▸ **MATERIAL FOR THIS EXERCISE**:
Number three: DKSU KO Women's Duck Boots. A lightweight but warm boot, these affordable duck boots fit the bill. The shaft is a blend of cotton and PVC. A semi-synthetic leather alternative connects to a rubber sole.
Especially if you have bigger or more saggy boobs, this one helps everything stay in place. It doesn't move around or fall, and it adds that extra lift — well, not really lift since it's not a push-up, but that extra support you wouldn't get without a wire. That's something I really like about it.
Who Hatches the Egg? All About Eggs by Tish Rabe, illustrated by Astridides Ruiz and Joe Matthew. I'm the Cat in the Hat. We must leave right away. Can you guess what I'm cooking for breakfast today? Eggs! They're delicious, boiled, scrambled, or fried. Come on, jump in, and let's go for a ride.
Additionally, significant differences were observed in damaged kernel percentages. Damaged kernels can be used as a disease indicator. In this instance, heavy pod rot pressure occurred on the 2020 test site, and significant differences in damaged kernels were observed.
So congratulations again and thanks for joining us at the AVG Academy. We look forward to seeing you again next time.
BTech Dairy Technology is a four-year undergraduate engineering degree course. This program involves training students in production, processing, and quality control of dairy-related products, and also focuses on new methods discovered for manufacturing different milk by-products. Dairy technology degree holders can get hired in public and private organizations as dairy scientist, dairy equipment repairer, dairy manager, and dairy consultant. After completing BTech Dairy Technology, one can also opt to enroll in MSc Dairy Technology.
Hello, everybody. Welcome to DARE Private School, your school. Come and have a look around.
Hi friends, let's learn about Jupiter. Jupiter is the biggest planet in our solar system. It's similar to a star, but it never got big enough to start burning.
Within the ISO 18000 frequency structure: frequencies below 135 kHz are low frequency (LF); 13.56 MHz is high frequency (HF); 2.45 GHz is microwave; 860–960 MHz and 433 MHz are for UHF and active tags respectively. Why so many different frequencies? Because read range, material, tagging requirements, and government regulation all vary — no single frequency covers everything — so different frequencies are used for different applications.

▸ **WHAT YOU ARE ASKED TO DO**:
In full and without any edits, output the material above.

▸ **FINAL ANSWER**:
Number three: DKSU KO Women's Duck Boots. A lightweight but warm boot, these affordable duck boots fit the bill. The shaft is a blend of cotton and PVC. A semi-synthetic leather alternative connects to a rubber sole.
Especially if you have bigger or more saggy boobs, this one helps everything stay in place. It doesn't move around or fall, and it adds that extra lift — well, not really lift since it's not a push-up, but that extra support you wouldn't get without a wire. That's something I really like about it.
Who Hatches the Egg? All About Eggs by Tish Rabe, illustrated by Astridides Ruiz and Joe Matthew. I'm the Cat in the Hat. We must leave right away. Can you guess what I'm cooking for breakfast today? Eggs! They're delicious, boiled, scrambled, or fried. Come on, jump in, and let's go for a ride.
Additionally, significant differences were observed in damaged kernel percentages. Damaged kernels can be used as a disease indicator. In this instance, heavy pod rot pressure occurred on the 2020 test site, and significant differences in damaged kernels were observed.
So congratulations again and thanks for joining us at the AVG Academy. We look forward to seeing you again next time.
BTech Dairy Technology is a four-year undergraduate engineering degree course. This program involves training students in production, processing, and quality control of dairy-related products, and also focuses on new methods discovered for manufacturing different milk by-products. Dairy technology degree holders can get hired in public and private organizations as dairy scientist, dairy equipment repairer, dairy manager, and dairy consultant. After completing BTech Dairy Technology, one can also opt to enroll in MSc Dairy Technology.
Hello, everybody. Welcome to DARE Private School, your school. Come and have a look around.
Hi friends, let's learn about Jupiter. Jupiter is the biggest planet in our solar system. It's similar to a star, but it never got big enough to start burning.
Within the ISO 18000 frequency structure: frequencies below 135 kHz are low frequency (LF); 13.56 MHz is high frequency (HF); 2.45 GHz is microwave; 860–960 MHz and 433 MHz are for UHF and active tags respectively. Why so many different frequencies? Because read range, material, tagging requirements, and government regulation all vary — no single frequency covers everything — so different frequencies are used for different applications.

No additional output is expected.